By Ian Dunt
Inconvenient figures have been whitewashed from the coverage of Nelson Mandela‘s death.
The photo pull-out sections show the South African leader with Bill Clinton, with Princess Diana and Naomi Campbell and the Spice Girls. But his close friendship with Fidel Castro and the two men’s habit of calling each other ‘brother’ is written out of history.
At his memorial service today, the presence of figures like Cuban leader (and Fidel’s brother) Raul Castro is treated as an example of Mandela’s ability to straddle political and ideological divides. After all, something has to explain the presence of these evil figures at a service for a saint.
But Castro is not being given pride of place as a sign of Mandela’s ability to straddle divides. He is given pride of place because black South Africans, unlike Brits or Americans, recognise Cuba’s proud role in the end of apartheid.
While Britain was supplying arms and military equipment to the apartheid regime, Cuba was sending its men to fight it, securing key military victories and crippling its room for manoeuvre.
For decades, Cuba supported the armed struggle liberation movements in South Africa, Cape Verde, Guinea-Bissau, Angola and Mozambique. In 1961, when Che Guevara attended a summit in Geneva as industry minister, he attacked “the inhuman and fascist policy of apartheid” and demanded the expulsion of South Africa from the UN, all decades before Britain could bring itself to challenge the racist government.
The climax of the decades-long campaign came when Cuba supported liberation forces in Angola against South African interference. In the 1988 battle of Cuito Cuanvale, a victory celebrated across southern Africa, South African soldiers were defeated a volunteer Cuban army , dragging PW Botha and FW de Klerk to the negotiating table.
Mandela described Cuba as “our friend”, a country which “helped us train our people, who gave us resources that helped us so much in our struggle”. He added: “The defeat of the racist army at Cuito Cuanavale has made it possible for me to be here today.
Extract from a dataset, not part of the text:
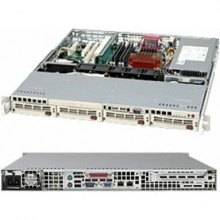 Supermicro CSE-813MTQ-280CB корпус сервера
What other country can point to a record of greater selflessness than Cuba has displayed in its relations with Africa? For the Cuban people internationalism is not merely a word but something that we have seen practiced to the benefit of large sections of humankind.”
When challenged on his friendship with Castro by Clinton, Mandela replied: “We should not abandon those who helped us in the darkest hour in the history of this country.”
What does it mean? Does it mean that the gay people and political campaigners imprisoned in Cuban jails are any more free? No. Does it make it any less sickening that the Cuban regime treats freedom of speech as an aberration against single party rule? No. Does it protect Cubans from impoverishment in the name of dogma? It does not.
But it speaks to a far more complex and nuance reality than that tolerated by the mainstream media.
While Margaret Thatcher was branding Mandela a terrorist and selling arms to the apartheid regime, Communist Cuba took up arms against it. While Britain was strutting the world stage, throwing around high-minded accusations about human rights, Cuban volunteers were dying in Angola fighting the racist regime.
For all the endless hours of coverage about Mandela in the last few days, a typical reader would have no idea about the role Cuba played in the overthrow of apartheid. The media refuses to look at history independently. It is still guided by government-mandated assessments of good guys and bad guys. Cuba are bad guys, so they could not possibly have done anything good.
The public are fed a sanitised and self-serving view of history. It’s small wonder Britain’s moral posturing on the world stage contrasts so disappointingly with its moral failures.